--- GIVEN DATA ---

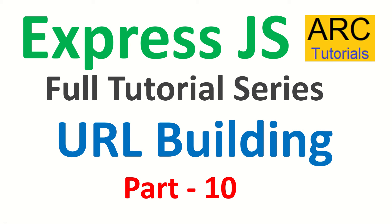Hi friends, welcome back to ARC Tutorials. This is ExpressJS full tutorial playlist.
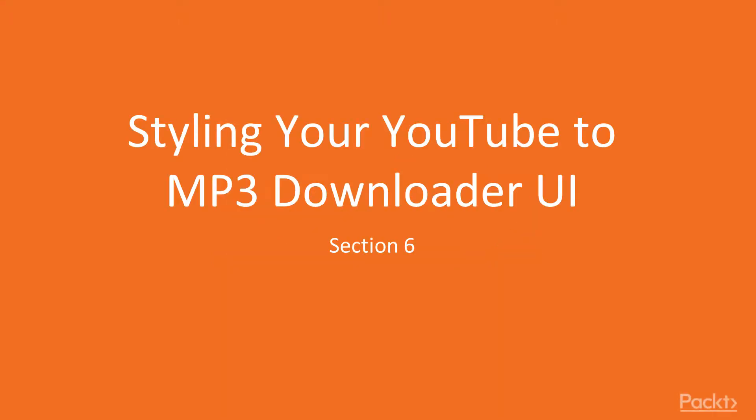Hi everybody, and welcome to this new section, section number 6, which is styling your YouTube to MP3 Downloader user interface.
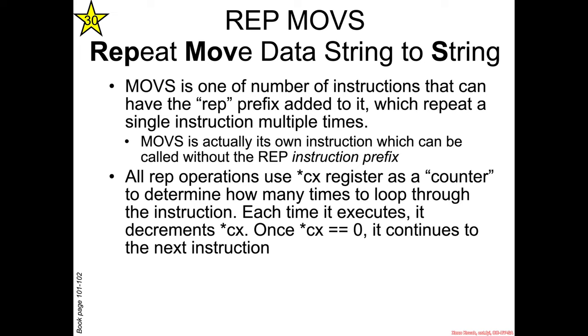So what is REP MOVS that we sought this treasure so zealously? Well, REP MOVS is basically a memcopy unto itself. It's an instruction which repeatedly copies from a source to a destination. It is the repeat move string to string.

---

EXERCISE PROMPT ->
Please output all of the data exactly as given, omitting any images it holds.

SOLUTION TO THIS PROBLEM ->
Hi friends, welcome back to ARC Tutorials. This is ExpressJS full tutorial playlist.
Hi everybody, and welcome to this new section, section number 6, which is styling your YouTube to MP3 Downloader user interface.
So what is REP MOVS that we sought this treasure so zealously? Well, REP MOVS is basically a memcopy unto itself. It's an instruction which repeatedly copies from a source to a destination. It is the repeat move string to string.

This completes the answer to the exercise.